But, it's overkill to overwrite all the XLOG files which may be inconsistent.
In the future, I'm going to provide the tool to compare the content of XLOG
between two servers and tell the user which files should be overwritten.

-- 
Fujii Masao
NIPPON TELEGRAPH AND TELEPHONE CORPORATION
NTT Open Source Software Center


Re: How should pg_standby get over the gap of timeline?

From
"Fujii Masao"
Date:
On Fri, Nov 21, 2008 at 12:15 AM, Pavan Deolasee
<pavan.deolasee@gmail.com> wrote:
>
>
> On Thu, Nov 20, 2008 at 8:36 PM, Heikki Linnakangas
> <heikki.linnakangas@enterprisedb.com> wrote:
>>
>> That seems like a dangerous assumption. What if the standby had fallen
>> behind before the failover? It's not safe to failover back to the original
>> primary in that case. We'd need some kind of safeguards against that.
>>
>
> For synchronous replication, what if we ensure that the standby has received
> the WAL (atleast in its buffers) before writing it to disk on the primary ?
> If we do that, I think the old standby can never fall behind the primary and
> it would be easy for the old primary to join back the replication without a
> fresh backup.

In the current patch, since the WAL are written and sent concurrently for
the performance gain, we cannot guarantee whether the old standby fall
behind or not. I think that the setup procedure which can resolve both
cases is required.

> Of course, this doesn't work for async replication.
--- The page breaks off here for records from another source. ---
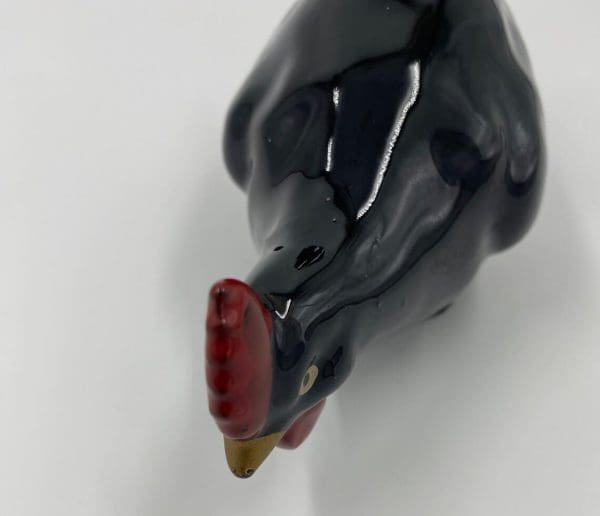 black ceramic rooster head red crown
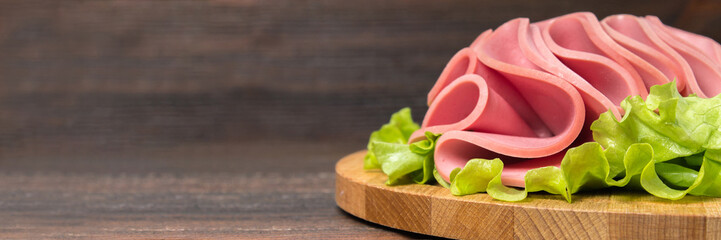 Sliced sausages with salad leaves on the wood background. Banner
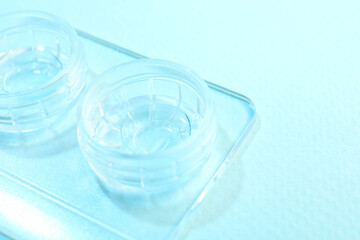Case with contact lenses on light blue background, closeup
Yeah, in asynch replication, some committed transaction may disappear
regardless of whether the fresh backup is used or not. But, since the
current patch guarantee "Replicate Ahead Log" rule even if asynch case,
we can recover the old primary by using the WAL on the old standby
consistently.

Regards,

-- 
Fujii Masao
NIPPON TELEGRAPH AND TELEPHONE CORPORATION
NTT Open Source Software Center


Re: How should pg_standby get over the gap of timeline?

From
Simon Riggs
Date:
On Thu, 2008-11-20 at 22:41 +0900, Fujii Masao wrote:

> In the current Synch Rep patch, the standby cannot catch up with the
> primary which has a bigger timeline. So, whenever making the standby
> catch up, a fresh base backup is required. This is obviously undesirable,
> and I'd like to get rid of this restriction.
> 
> Postgres itself can recover up to a bigger timeline without a base
> backup. The remaining problem is that pg_standby cannot get over the
> gap of timeline. It continues waiting for the XLOG file with out-of-date
> timeline, and redo doesn't progress.

We've discussed this before. My answer is the same: you are assuming it
is safe to re-enter recovery, which is not correct (currently). You are
also assuming that taking a base backup is an expensive operation - it
need not be so if you simply move only the files/data that have changed,
e.g. rsync.

So if you want this to work, hacking pg_standby is not the way to do it.
But I'm not convinced there is a problem worth solving.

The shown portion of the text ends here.